Q&A: Distinction Between Money and Physical Suffering
Distinction Between Money and Physical Suffering
Question
In the Babylonian Talmud, in the last chapter of Bava Kamma, it is explained that if an agent of the religious court says that a person refuses to come to court, they place him under excommunication,
but they do not write it down, because it is impossible to collect the scribe’s fee on the basis of that credibility alone. How can it be that causing a person such enormous humiliation
and writing that he is under excommunication
is possible on the basis of a religious court agent
when Rashi explains that there is a presumption that he does not lie,
but even a small coin for the scribe’s fee cannot be collected?
Is this a decree of Scripture, that money is treated more stringently than emotional suffering?
Answer
See Perishah, section 11, subsection 2, who noted this.
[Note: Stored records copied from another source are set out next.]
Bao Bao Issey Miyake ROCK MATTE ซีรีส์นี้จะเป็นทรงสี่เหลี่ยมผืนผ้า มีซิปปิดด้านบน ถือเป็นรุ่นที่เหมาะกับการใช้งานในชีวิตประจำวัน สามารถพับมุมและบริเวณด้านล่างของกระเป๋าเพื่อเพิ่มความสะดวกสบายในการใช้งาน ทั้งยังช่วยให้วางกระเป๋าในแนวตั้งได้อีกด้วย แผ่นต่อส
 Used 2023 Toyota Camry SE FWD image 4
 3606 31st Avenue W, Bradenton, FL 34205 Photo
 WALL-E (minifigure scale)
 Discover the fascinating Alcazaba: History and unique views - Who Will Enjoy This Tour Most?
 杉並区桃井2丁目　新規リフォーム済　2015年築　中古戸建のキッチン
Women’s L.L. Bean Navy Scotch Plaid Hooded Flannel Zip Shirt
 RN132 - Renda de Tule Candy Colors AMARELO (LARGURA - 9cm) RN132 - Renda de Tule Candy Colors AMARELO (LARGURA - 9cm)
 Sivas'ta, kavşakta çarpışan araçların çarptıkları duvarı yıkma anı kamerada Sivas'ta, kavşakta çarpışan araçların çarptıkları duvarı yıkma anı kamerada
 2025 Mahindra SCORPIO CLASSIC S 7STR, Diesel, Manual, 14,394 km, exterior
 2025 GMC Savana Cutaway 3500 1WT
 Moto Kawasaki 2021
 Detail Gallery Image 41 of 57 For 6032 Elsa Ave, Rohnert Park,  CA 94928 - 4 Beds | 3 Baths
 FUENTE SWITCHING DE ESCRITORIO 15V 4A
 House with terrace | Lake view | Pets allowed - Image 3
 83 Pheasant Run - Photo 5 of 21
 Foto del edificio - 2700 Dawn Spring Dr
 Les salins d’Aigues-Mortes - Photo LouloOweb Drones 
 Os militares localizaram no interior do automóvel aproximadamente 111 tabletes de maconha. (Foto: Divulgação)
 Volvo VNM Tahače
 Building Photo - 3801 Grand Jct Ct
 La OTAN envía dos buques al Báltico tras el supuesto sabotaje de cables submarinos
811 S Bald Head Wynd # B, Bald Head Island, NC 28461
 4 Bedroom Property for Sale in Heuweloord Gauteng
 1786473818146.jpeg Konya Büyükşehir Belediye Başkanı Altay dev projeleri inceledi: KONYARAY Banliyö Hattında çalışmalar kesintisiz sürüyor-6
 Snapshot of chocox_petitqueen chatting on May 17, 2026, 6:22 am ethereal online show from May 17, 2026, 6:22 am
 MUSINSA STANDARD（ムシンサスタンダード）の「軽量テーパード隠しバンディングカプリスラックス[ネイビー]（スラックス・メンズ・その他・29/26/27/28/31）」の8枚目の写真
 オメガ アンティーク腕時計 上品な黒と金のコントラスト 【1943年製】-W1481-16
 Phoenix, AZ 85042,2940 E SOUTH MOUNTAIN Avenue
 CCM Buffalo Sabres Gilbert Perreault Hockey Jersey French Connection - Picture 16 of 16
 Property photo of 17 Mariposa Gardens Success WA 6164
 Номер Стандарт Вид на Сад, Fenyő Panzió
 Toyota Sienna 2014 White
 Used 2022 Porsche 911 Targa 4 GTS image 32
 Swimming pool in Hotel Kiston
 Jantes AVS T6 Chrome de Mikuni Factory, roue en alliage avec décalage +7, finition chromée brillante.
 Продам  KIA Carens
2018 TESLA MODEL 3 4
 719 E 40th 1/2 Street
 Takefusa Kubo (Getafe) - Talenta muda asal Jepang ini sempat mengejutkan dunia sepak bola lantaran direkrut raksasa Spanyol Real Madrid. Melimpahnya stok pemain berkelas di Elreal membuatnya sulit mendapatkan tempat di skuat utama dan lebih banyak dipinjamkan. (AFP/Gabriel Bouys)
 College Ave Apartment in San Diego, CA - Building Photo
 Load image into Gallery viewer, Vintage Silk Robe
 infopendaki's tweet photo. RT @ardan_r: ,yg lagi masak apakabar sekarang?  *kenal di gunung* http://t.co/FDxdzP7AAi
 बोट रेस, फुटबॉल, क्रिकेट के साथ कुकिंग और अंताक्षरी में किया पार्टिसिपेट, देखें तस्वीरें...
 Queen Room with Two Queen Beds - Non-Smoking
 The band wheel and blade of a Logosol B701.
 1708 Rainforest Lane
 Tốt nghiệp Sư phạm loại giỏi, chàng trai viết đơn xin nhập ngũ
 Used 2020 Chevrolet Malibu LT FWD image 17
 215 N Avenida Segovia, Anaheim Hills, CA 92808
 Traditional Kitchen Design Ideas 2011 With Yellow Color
To extract money we require two witnesses.
You could ask similarly regarding the rule that one witness is trusted in matters of prohibition: after all, to testify that a certain piece of meat is non-kosher, one witness is enough, even though this causes its owner a monetary loss.
This is not a question of how important it is to a person, but of the laws of evidence in Jewish law.
Discussion on Answer
As I understand it, what I wrote is what he is answering.
Thank you for the answer,
but I did not understand the answer of the Perishah.